Because it was a slightly modified version of ČSD Class ES 499.1, there weren't any prototypes built. The first series of locomotives were sent to Ústí nad Labem, next two series were sent to Olomouc, Košice and Česká Třebová. Currently, the ČD are units in Česká Třebová, Děčín and Bohumín and ZSSK units in Košice and Žilina.

== Modernisation ==
All 30 locomotives owned by ČD Cargo were rebuilt to class 363.5 (dual voltage) by Škoda. ZSSK announced tender for rebuilding 15 locomotives class 163/162 to class 361, which was won by ŽOS Vrútky. As of January, 2014, 5 locomotives of class 361 (dual voltage, max. speed 140 km/h) and 4 locomotives of class 361.1 (dual voltage, max. speed 160 km/h) were built.

Since 2013, they were used for operation in push-pull sets with driving trailers and they were used mostly operate services in various commuter trains.
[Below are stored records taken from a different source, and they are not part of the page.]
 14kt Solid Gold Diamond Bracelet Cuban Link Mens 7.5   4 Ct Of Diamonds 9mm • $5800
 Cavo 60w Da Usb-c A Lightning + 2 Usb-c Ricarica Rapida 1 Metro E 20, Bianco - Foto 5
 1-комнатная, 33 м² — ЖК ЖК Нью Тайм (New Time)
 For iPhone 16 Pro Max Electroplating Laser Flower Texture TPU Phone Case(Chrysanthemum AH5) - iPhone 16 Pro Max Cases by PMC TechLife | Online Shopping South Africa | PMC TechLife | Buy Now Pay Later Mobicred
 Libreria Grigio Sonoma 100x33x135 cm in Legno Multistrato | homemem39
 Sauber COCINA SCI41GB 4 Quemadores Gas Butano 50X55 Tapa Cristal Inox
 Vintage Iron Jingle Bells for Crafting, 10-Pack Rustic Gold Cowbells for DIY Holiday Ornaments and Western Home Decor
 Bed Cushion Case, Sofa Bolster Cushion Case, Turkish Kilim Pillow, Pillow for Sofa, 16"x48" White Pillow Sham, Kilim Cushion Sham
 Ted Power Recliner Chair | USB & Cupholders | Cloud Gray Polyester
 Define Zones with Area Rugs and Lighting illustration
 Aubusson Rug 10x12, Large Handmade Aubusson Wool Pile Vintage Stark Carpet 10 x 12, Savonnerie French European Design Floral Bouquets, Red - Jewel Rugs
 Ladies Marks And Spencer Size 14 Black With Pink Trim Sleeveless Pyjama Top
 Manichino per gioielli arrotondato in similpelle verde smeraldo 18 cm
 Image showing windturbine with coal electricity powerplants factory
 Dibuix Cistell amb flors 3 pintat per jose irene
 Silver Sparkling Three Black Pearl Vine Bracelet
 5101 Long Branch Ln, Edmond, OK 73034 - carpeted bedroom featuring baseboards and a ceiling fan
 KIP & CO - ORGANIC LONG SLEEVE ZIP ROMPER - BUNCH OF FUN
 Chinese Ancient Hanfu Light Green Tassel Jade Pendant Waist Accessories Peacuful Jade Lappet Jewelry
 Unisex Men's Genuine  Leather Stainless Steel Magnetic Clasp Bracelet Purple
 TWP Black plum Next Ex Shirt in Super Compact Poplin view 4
Class E 499.3 at the station Česká Třebová with a driving trailer at the end

== Service in other countries ==

=== Italy ===

==== E.630 ====
Because of the financial problems of ČSD (and then ČD and ŽSR) after the Velvet revolution, Škoda rebuilt 9 pieces of the fourth series and sold them to FNM, Italy. These were classified as FNM Class E.630. In 2010, all E630 locomotives were sold to Czech private operator RegioJet and were rebuilt to class 162.

==Disposition==
Source:

| 163.021 - 163.022 | ČD |
| 163.025 - 163.026 | ČD |
| 163.029 - 163.030 | ČD |
| 163.034 - 163.035 | ČD |
| 163.039 - 163.048 | ČD |
| 163.050 | ZSSK |
| 163.052 | ZSSK |
| 163.054 - 163.055 | ZSSK |
| 163.057 | ZSSK |
| 163.061 - 163.100 | ČD |
| 163.101 | ZSSK |
| 163.104 - 163.111 | ZSSK |
| 163.112 - 163.119 | ZSSK (rebuilt from Class 162) |
| 163.121 - 163.124 | ZSSK (rebuilt from Class 162) |
| 163.215 - 163.217 | ČD (rebuilt from Class 162) |
| 163.233 - 163.234 | ČD (rebuilt from Class 162) |
| 163.241 - 163.245 | ČD (rebuilt from Class 162) |
| 163.247 - 163.252 | ČD (rebuilt from Class 162) |
| 163.255 - 163.260 | ČD (rebuilt from Class 162) |

As of 2008-06-19, 38 163s remained in service with ZSSK, 30 with ČD Cargo and 78 with ČD, as at 2008-03-02.